I tried to run this simple test file and see whether diaspora received the resource information. Maybe I should add a diaspora consumer here in test script to make sure the records are successfully sent.

right. some of the existing database-backed monitoring code is tested by running a small workflow and then checking that the database has the right things in it - the right number of tasks, etc.

benclifford · 2024-03-06T11:57:42Z

parsl/tests/test_radio/diaspora_login.py

@@ -0,0 +1,6 @@
+from diaspora_event_sdk import Client as GlobusClient


What is this diaspora_login.py for? Can you add some usage notes about when it might be used?

Sure. Before using diaspora radio, the user should first log in. This can not be aggregated into test file because login requires cli which pytest does not support.

What service is this logging into? / What kind of account is needed? Github Actions (which runs our automated testing) supports being logged into services (for example, that is how automated release publication works to PyPI) so possibly that is an approach to getting the test running in CI?
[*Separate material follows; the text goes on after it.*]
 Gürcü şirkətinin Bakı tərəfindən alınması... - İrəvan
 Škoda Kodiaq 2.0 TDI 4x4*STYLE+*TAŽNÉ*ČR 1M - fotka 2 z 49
Hi Ben, this is Haochen, I am a GLabs student working on the diaspora project. The log goes to an AWS-managed Kafka cluster maintained by the diaspora team. The login process works similarly to that of the Compute SDK, so any accounts supported by Globus Auth can log in. I'll discuss with Ryan this week to figure out how to log in during CI and how to drop the boto3 dependency. Thank you!

Do you think I shall mock the behaviors related to diaspora in order to run the testable parts instead of skipping the whole thing?

Hi Ben,

Ryan and I agree that Parsl's CI should not depend on the diaspora Kafka cluster status, so mock sending to Diaspora in tests may be needed in the future. Also, after a recent paper deadline, we will refactor the indirect boto3 dependency in the Diaspora SDK to remove the botocore==1.29.125 constraint in Parsl's test.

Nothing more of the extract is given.